Historia
BIBLIAS RABÍNICAS

Una edición revisada y mejorada de la segunda Biblia de Bomberg se publicó (Venecia, 1546-48) bajo la supervisión de Cornelius Adelkind. Los cambios efectuados fueron la omisión de algunos comentarios y la sustitución de otros. La cuarta Biblia rabínica de Bomberg, por J. de Gara, fue llevada a la imprenta y corregida por Isaac ben Joseph Salem e Isaac ben Gershon Treves (4 volúmenes, Venecia, 1568). Los correctores destacan al final de la obra que han reinsertado en esta difícil edición la porción de la Masorah omitida en la edición de 1546-48. Añadido a ello está el denominado Tárgum de Jerusalén sobre el Pentateuco.

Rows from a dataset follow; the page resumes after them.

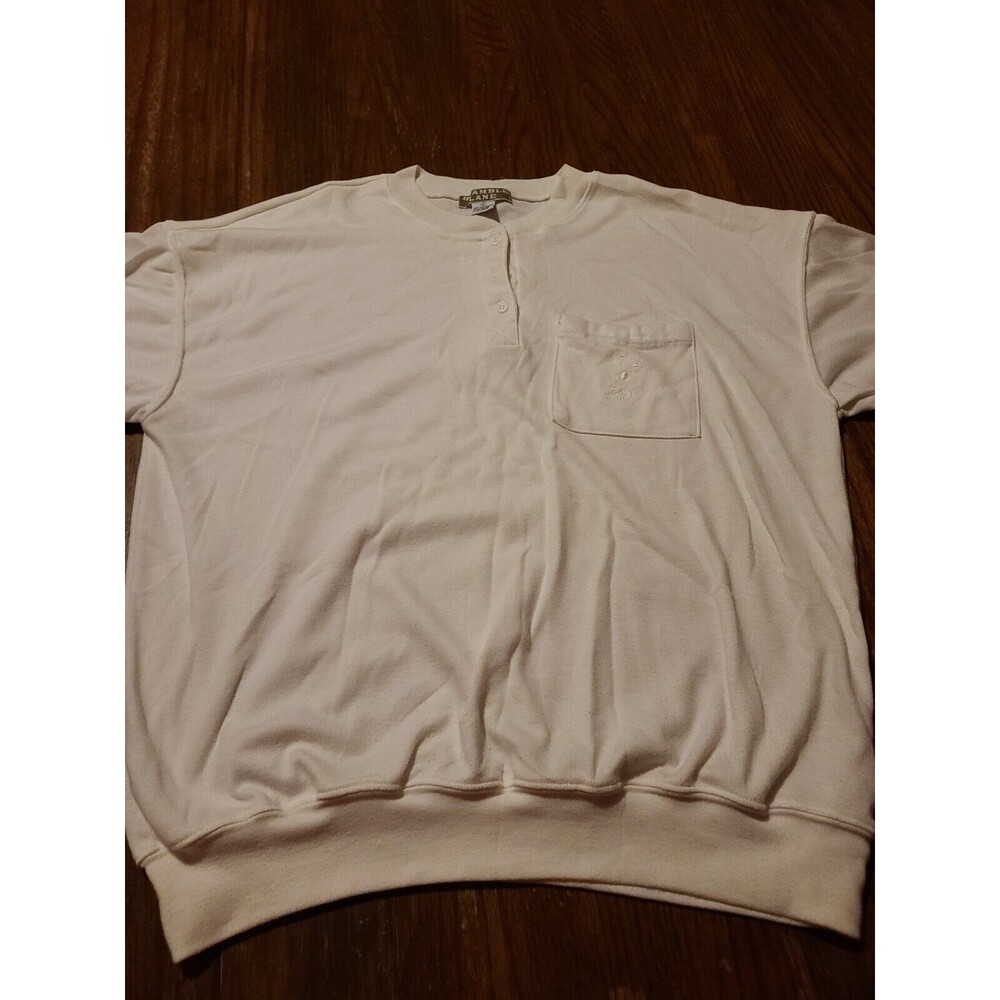 Bramble Lane White Pullover - Large- EUC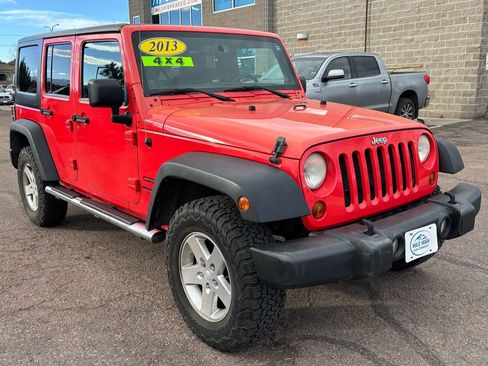 Used 2013 Jeep Wrangler Unlimited Sport image 1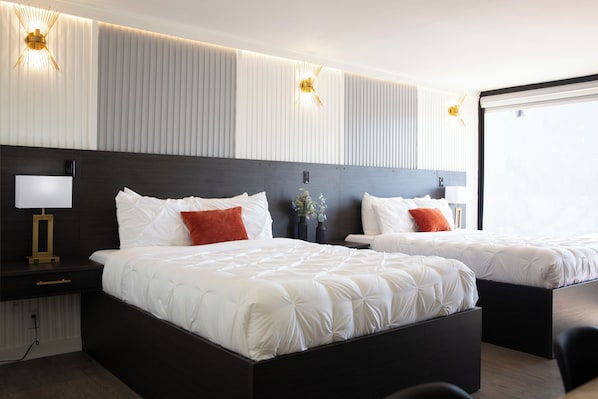 Family Studio Suite, 2 Queen Beds, Kitchenette | In-room safe, iron/ironing board, free WiFi, bed sheets - The Irish Inn Boutique Hotel (Shamrock)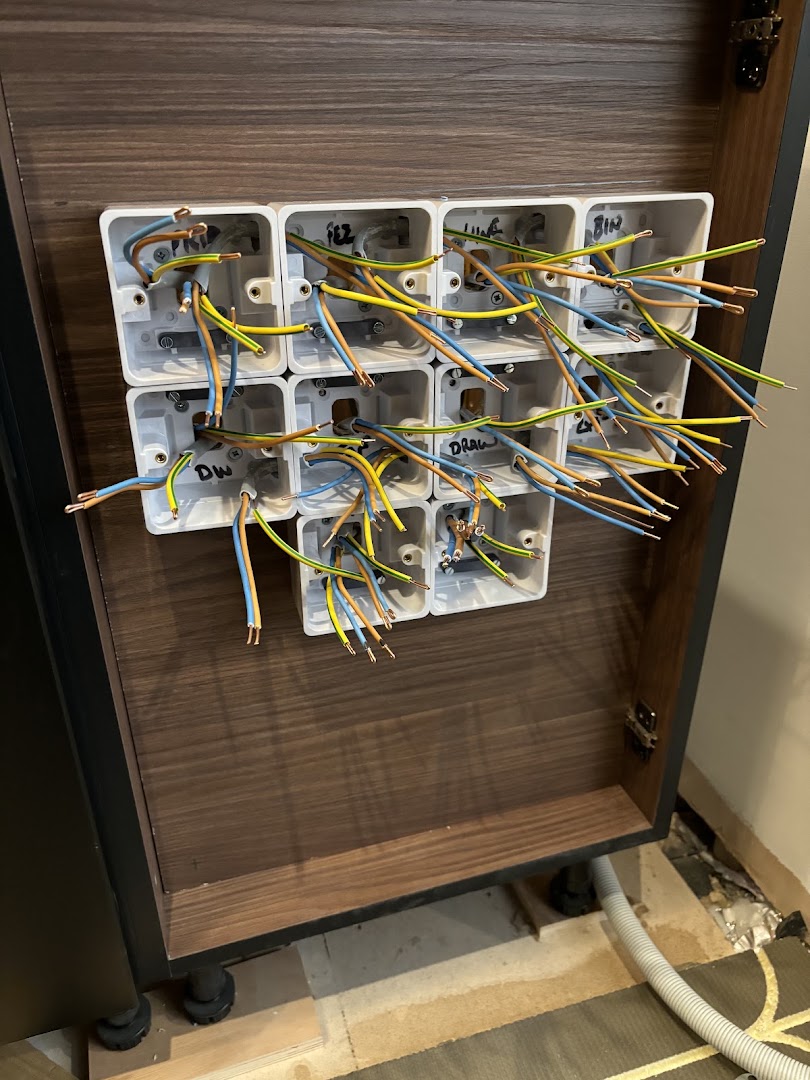 D Kerner Electrical Ltd — Photos 4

La Biblia rabínica de Buxtorf o Biblia sacra Hebraica et Chaldaica cum Masora, quæ critica Hebræorum sacra est, magna et parva ac selectissimis Hebræorum interpretum commentariis (4 partes, 2 volúmenes, Basilea, 1618–19) tiene un prefacio latino por Buxtorf, una tabla de los números de los capítulos de la Biblia y un poema de Aben Ezra en lengua hebrea. Además las paráfrasis hebrea y aramea contienen los comentarios de Rashi, Aben Ezra y otros y el Tiberias sive commentarius masorethicus triplex de Buxtorf. El conjunto está formado según la segunda edición de Jacob ben Hayyim (1536-48) con algunas correcciones y alteraciones por Buxtorf. La Biblia de Buxtorf es imperfecta, pero a pesar de sus deficiencias, el estudiante debe todavía estar agradecido al editor por su obra, que, sin embargo, fue criticada por R. Simon en su Histoire critique du Vieux Testament (p. 513).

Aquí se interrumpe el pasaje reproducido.